Wireless mics, and their close relatives, wireless IEMs (in Ear Monitors) are complex, interdependent, location-sensitive, self-contained little radio stations. They transmit on RF (Radio Frequencies) through the air with weak carrier signals beset by gaggles of stronger, more numerous competitors vying for airwave space. Getting them to work consistently is difficult at best, but, since singers and speakers demand their inclusion, let’s look at how we can give our wireless a fighting chance in the wild.
Most wireless mic and IEM systems work in the UHF range, typically between 470 and 608 MHz after the latest FCC auction sold away most of 608-698 MHz and we had already lost 698-806 MHz previously. Unfortunately, as the space for wireless mics has shrunk, we have seen a dynamic increase in the demand for wireless systems. There is no cheap solution to packing dozens of mics into a crowded RF arena. In other words, high quality wireless systems are the only choice, and they cost real money. So, the “Four wireless for $199” deals are guaranteed not to work in any situation outside a corn field in Nebraska. What, then, is the best way to allocate limited resources for wireless? Here are some ideas.

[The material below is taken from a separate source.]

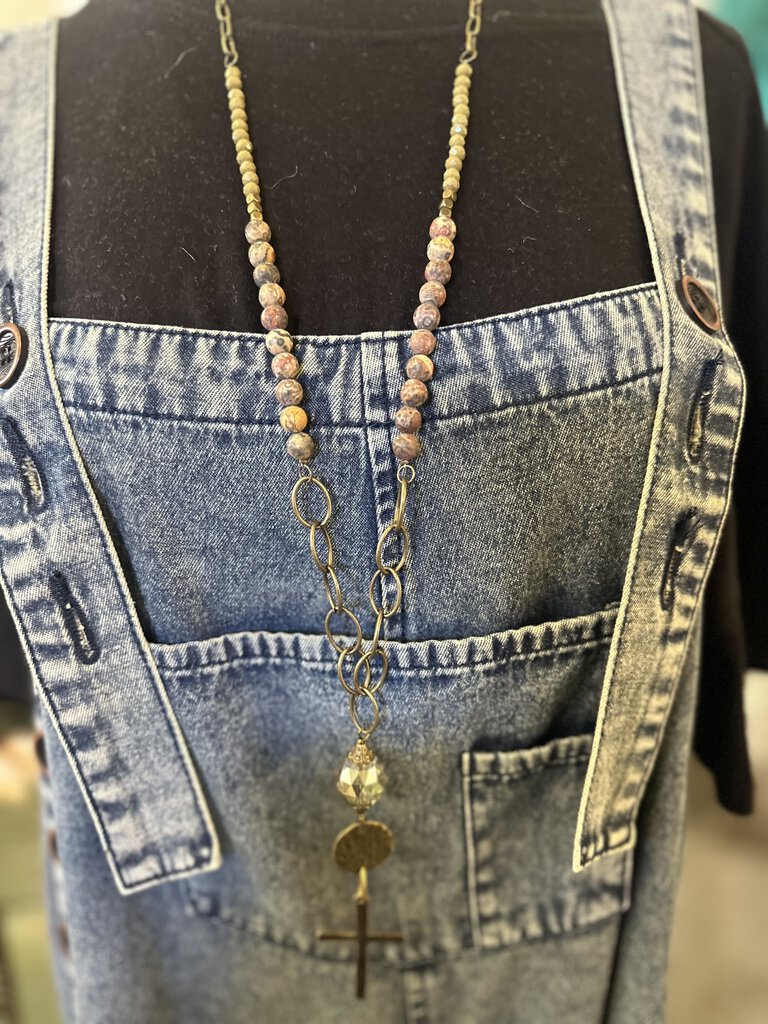 LONG BEADED STONE NECKLACE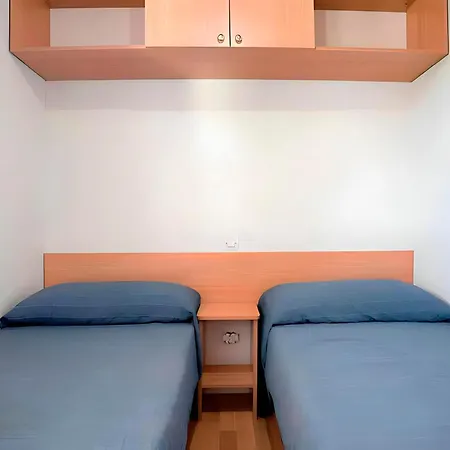 Con Piscina Privada Cerca De La Playa Con Barbacoa Y Aire Acondicionado Holiday home *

Use wireless only when required. If the worship leader is at a grand piano and does not get up and move around, use a wired mic. Despite the “clean stage” theory, a mic cable is drastically less noticeable than a wireless mic reproducing interference at full level. Each wireless not used means more space for those in use, since every wireless produces not only its fundamental frequency, but several harmonic frequencies based on that fundamental. Just as striking A440 on a piano creates multiple harmonics within the instrument, so too, wireless mics have spikes all along the RF spectrum. When several mics are in simultaneous use, these harmonics can interfere with one another and cause havoc. This is why manufacturers pre-select groups of compatible frequencies within each band.
Purchase the best wireless the church can afford for the pastor. The one non-negotiable wireless is the pastor’s. This unit should be the best available with the highest reliability, such as Shure UHF-R on the analog side and Sennheiser 6000 Series in the digital realm. As part of the package, select a high-quality ear-set mic, such as the DPA d:fine 4066 series. The reliability and sound quality difference versus a low-cost mic is significant, and replacement parts are readily available.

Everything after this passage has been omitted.